Date: 09-Jun-2011 - 10-Jun-2011
Location: Tromsø, Norway 
Contact Person: Sandhya Sundaresan
Meeting Email: sandhya.sundaresan at uit.no
Web Site: http://castl.uit.no/index.php?option=com_content&view=article&id=199:-finiteness-in-south-asian-languages-&catid=76:conferencesaworkshops 

Linguistic Field(s): General Linguistics; Morphology 

Language Family(ies): Dravidian; Indo-Aryan; Munda; Tibeto-Burman 

Call Deadline: 01-Mar-2011 

Meeting Description:

Finiteness is a topic that influences and interacts with virtually every syntactic and interface property in linguistics. It deals directly with the core functional properties of a clause such as its tense, aspect and mood and with the way in which these are anchored to the outside world (anaphorically, deictically or somewhere in-between). In addition, finiteness also affects, directly or in more mediated fashion, nominal reference within a clause particularly as it pertains to the syntactic subject. Thus, issues such as the morpho-phonological (c)overtness of a subject, its case/Case and degree of syntactic-semantic anaphoricity could be seen as a function of the finiteness of the clause as a whole. South Asian languages offer fertile ground for investigation in the realm of finiteness because, as is becoming increasingly well-known, they exhibit properties that challenge much conventional wisdom on the subject. Complex predication in Bangla (Ramchand 2008 and prior), long-distance agreement (Bhatt 2005) and correlative constructions (Dayal 1991) in Hindi/Urdu, topic, focus and scrambling (Mahajan 1999, Kidwai 2000) and diachronic aspect shifts (Condoravdi and Deo 2008) in Indo-Aryan, nominative anaphors in Dravidian (Amritavalli 1984, Woolford 1999, Lidz 2004), Dravidian hybrid nominalizations with both tense and Case marking (Amritavalli and Jayaseelan 2005), serial verb constuctions in Malayalam (Jayaseelan 2004), and overt nominative, nonfinite subjects in Sinhala (Gair 2005) and Dravidian (K.P. Mohanan 1982) are only some of the challenging phenomena discussed previously. Yet, this only scratches the surface -- many languages of the Indo-Aryan, Dravidian and other families in South Asia remain under-researched and under-publicized to this day. It is the goal of this conference to bridge this gap in empirical and theoretical coverage of these phenomena.

Invited Speakers:

Rajesh Bhatt, Veneeta Dayal, Ashwini Deo, K.A. Jayaseelan and Gillian Ramchand. 

Call for Papers:

We invite abstracts for 40 minute slots on topics pertaining to finiteness, broadly construed as described in the main page, as manifested in languages spoken in South Asia and its diaspora. What kinds of quirky data do South Asian languages present which challenge current definitions and categorizations of finiteness? Can these new data help decide between competing theories (e.g. on the connection between subject distribution and clausal finiteness)? What can these languages tell us about the interactions between different facets of finiteness: tense, aspect, mood, agreement, negation, case/Case, and nominal reference? These are some of the questions we are interested in investigating.

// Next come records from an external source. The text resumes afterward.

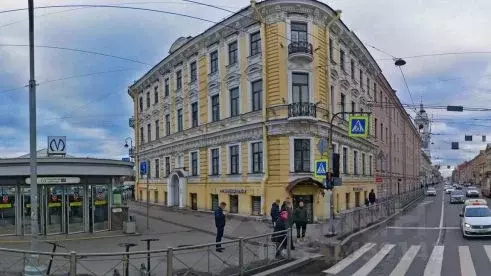 Торговая площадь в Санкт-Петербург Кадетская линия, 31/22 (300 м) - Фото 1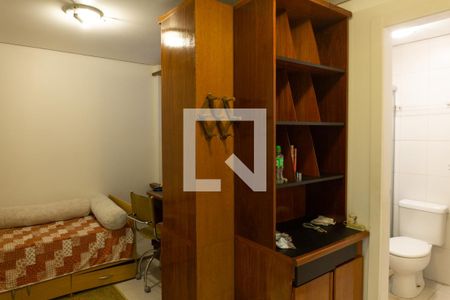 Casa de condomínio para alugar com 228m², 3 quartos e 3 vagas Casa de condomínio para alugar com 228m², 3 quartos e 3 vagasQuarto de Serviço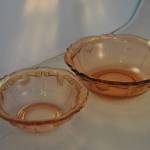 2 schaaltjes, rose glas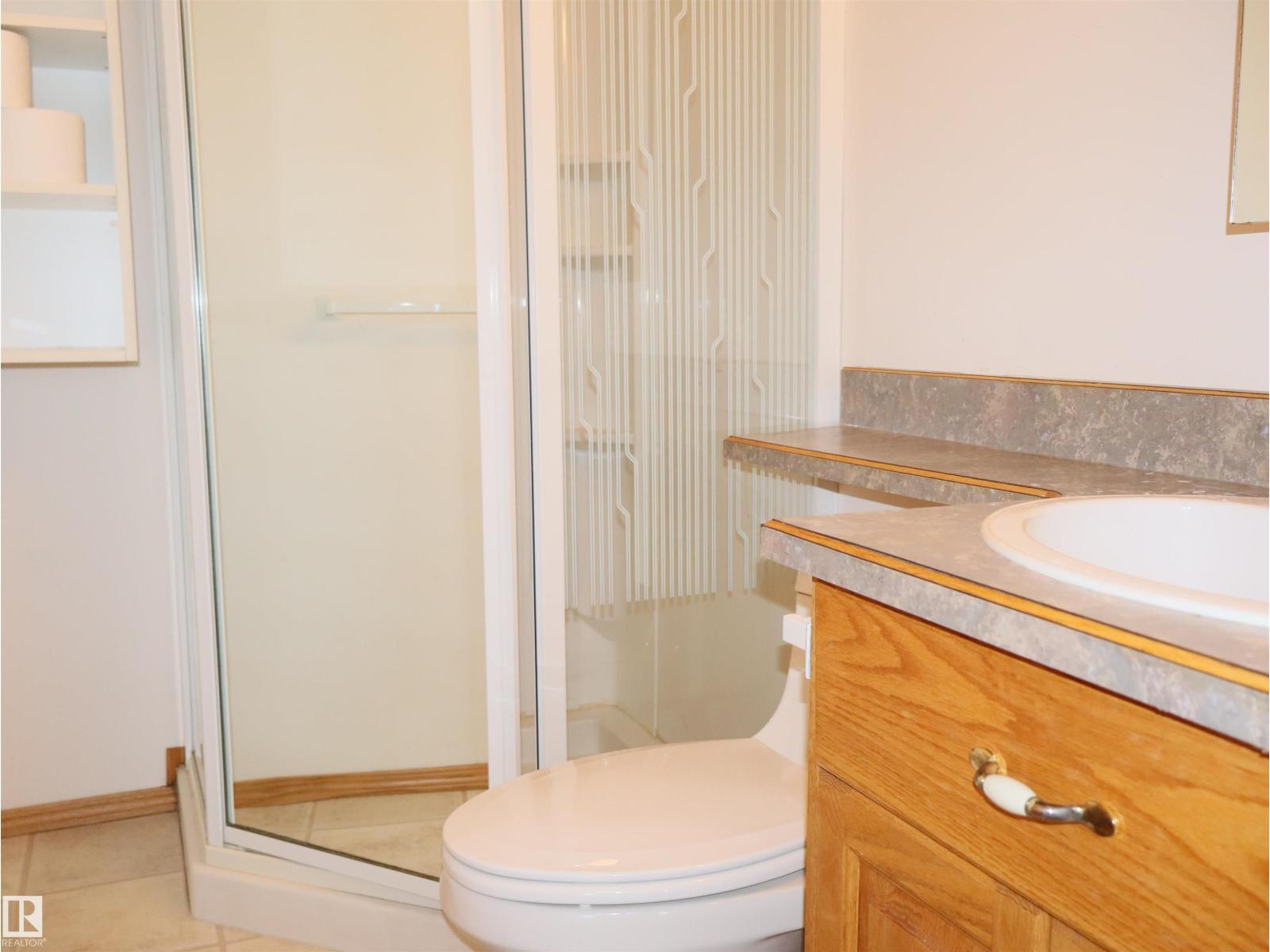 5802 52 Av Property Photo 40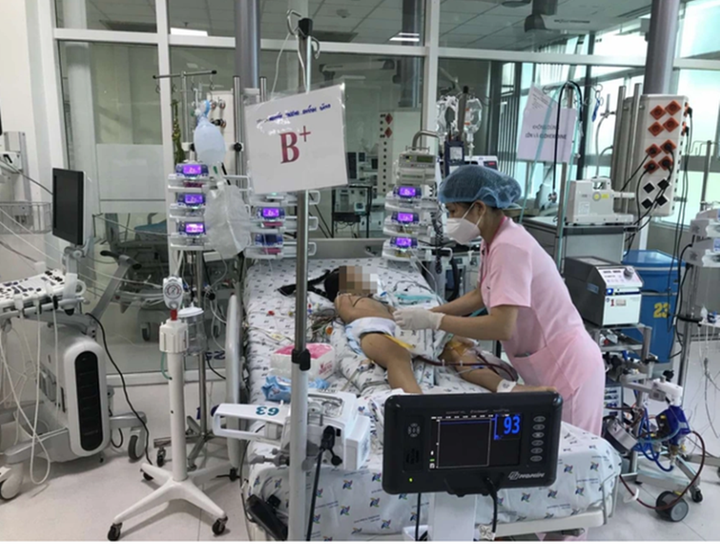 Trẻ khỏi COVID-19, bỗng dưng sốt: Dấu hiệu cảnh báo bệnh nguy hiểm - 2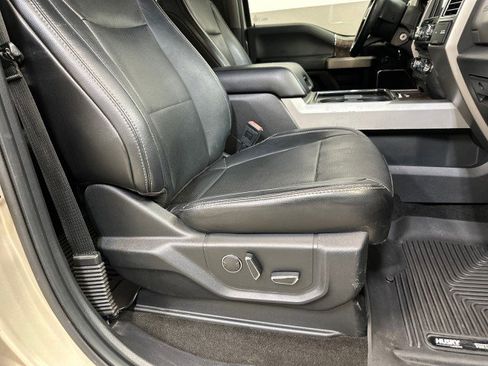 Used 2017 Ford F250 Lariat w/ Chrome Package image 52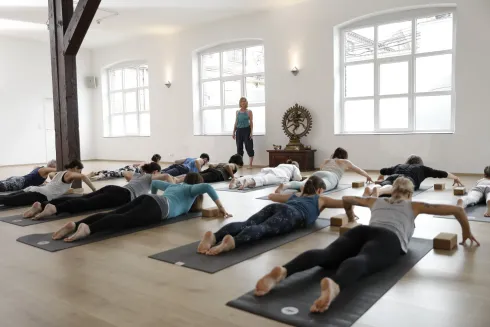 Therapie-Yoga STUDIO @ Yogazentrum Mödling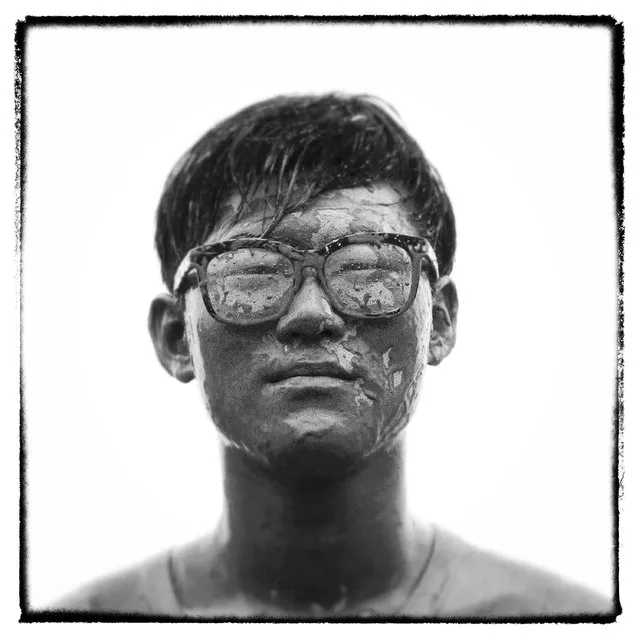 A festival goer poses during the annual Boryeong Mud Festival at Daecheon Beach on July 18, 2014 in Boryeong, South Korea. The mud, which is believed to have beneficial effects on the skin due to its mineral content, is sourced from mud flats near Boryeong and transported to the beach by truck. (Photo by Chung Sung-Jun/Getty Images)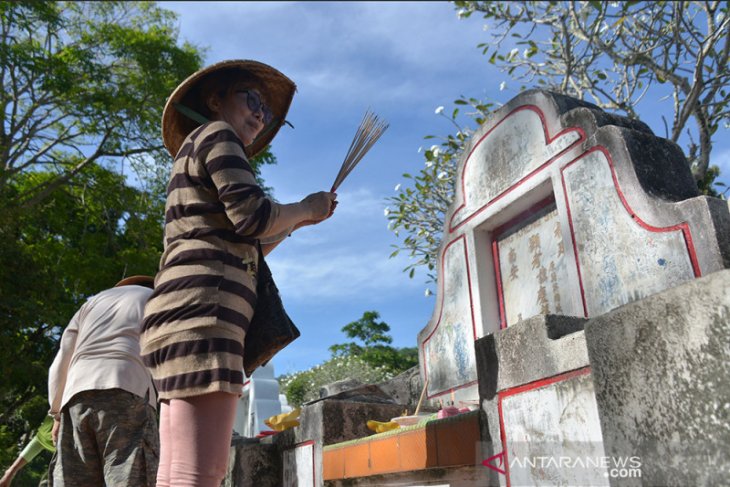Warga Tionghoa Gelar Tradisi Ceng Beng di Aceh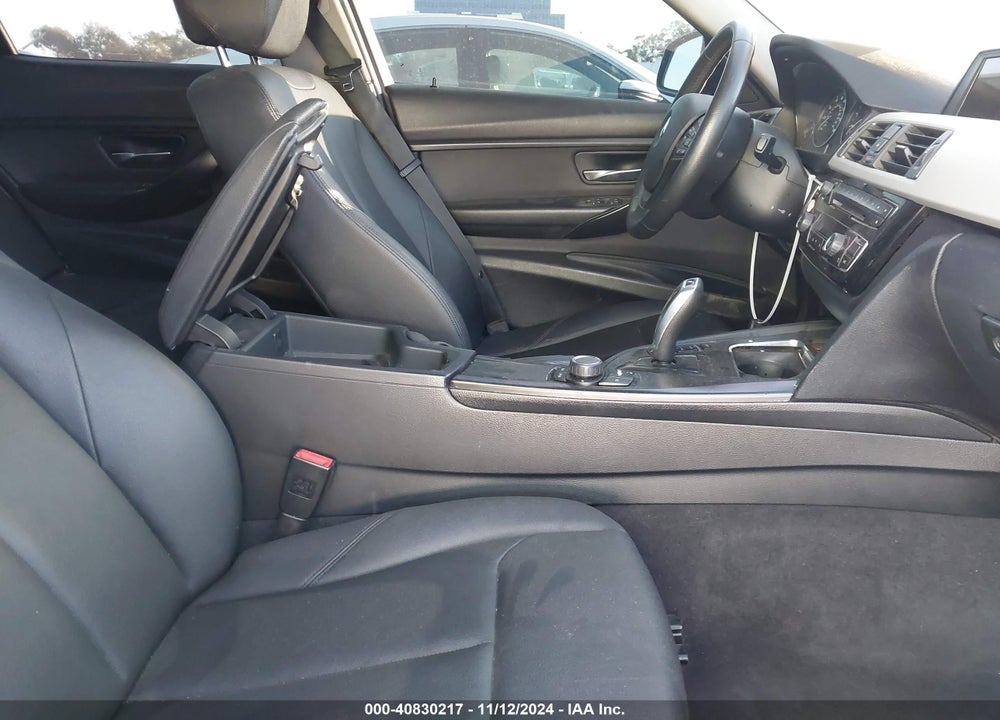 2017 BMW 320I VIN: WBA8E1G58HNU14487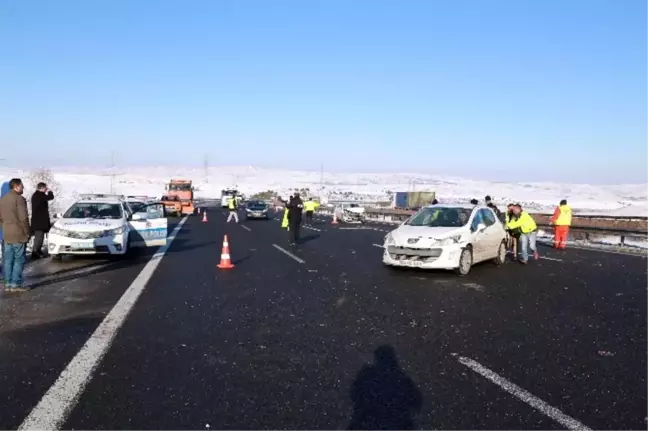 Ankara'da Aynı Noktada 3 Ayrı Kaza: 6 Yaralı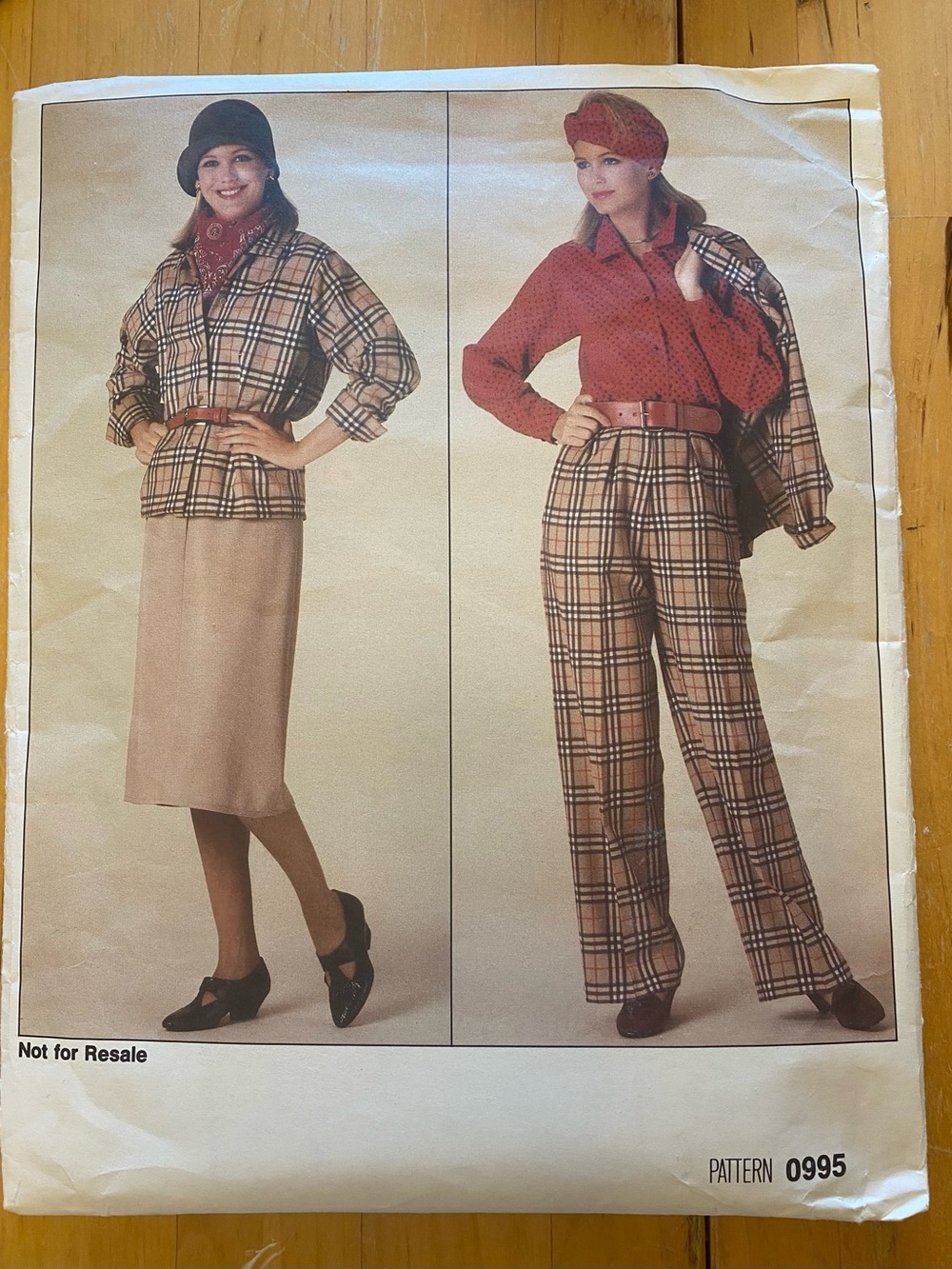 Vogue VINTAGE 1980'S Straight-Leg Pants Skirt blouse Jacket uncut sewing pattern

We also plan to publish a volume of selected papers from the conference - this
is projected to appear as a special issue in Natural Language and Linguistic Theory.

Format and Submission guidelines:

Submit your abstracts here: http://linguistlist.org/confcustom/fisal2011

Abstracts should be no more than 2 pages long (a4 or US letter-sized), in 11 pt. font, with 1-inch/2.5-cm margins. This includes all data (which can be interspersed throughout the text), and references. All abstracts should be submitted as PDF files.

Submissions should be anonymous and not reveal the identity of the author(s) in any form (e.g., references, file name of the abstract). Submissions are limited to one single-authored abstract and one joint-authored abstract per person.